AIM OF THE TASK:
Pictures stay out, but every line of the data is copied exactly.

SUPPLIED MATERIAL:
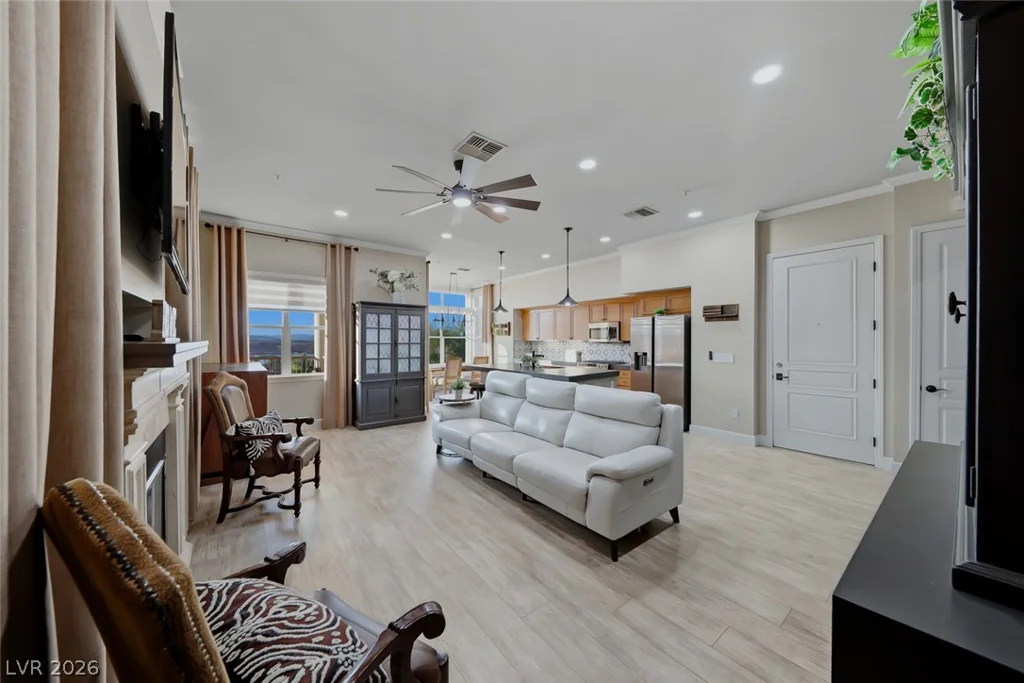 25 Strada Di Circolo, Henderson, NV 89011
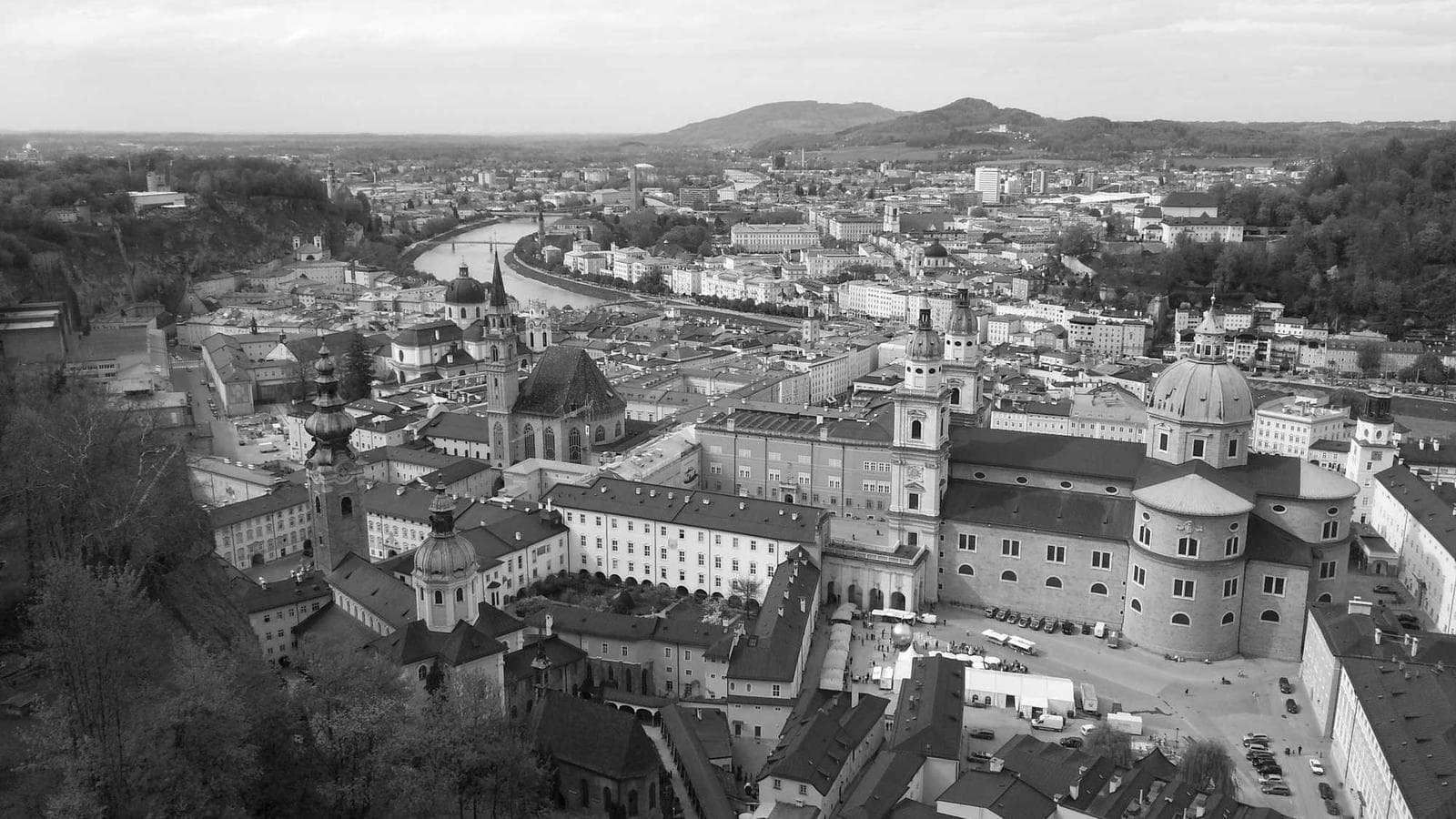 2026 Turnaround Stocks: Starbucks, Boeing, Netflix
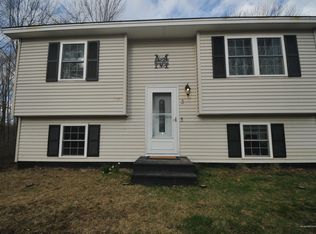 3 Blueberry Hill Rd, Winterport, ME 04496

OUTPUT FOR THIS EXERCISE:
 25 Strada Di Circolo, Henderson, NV 89011
 2026 Turnaround Stocks: Starbucks, Boeing, Netflix
 3 Blueberry Hill Rd, Winterport, ME 04496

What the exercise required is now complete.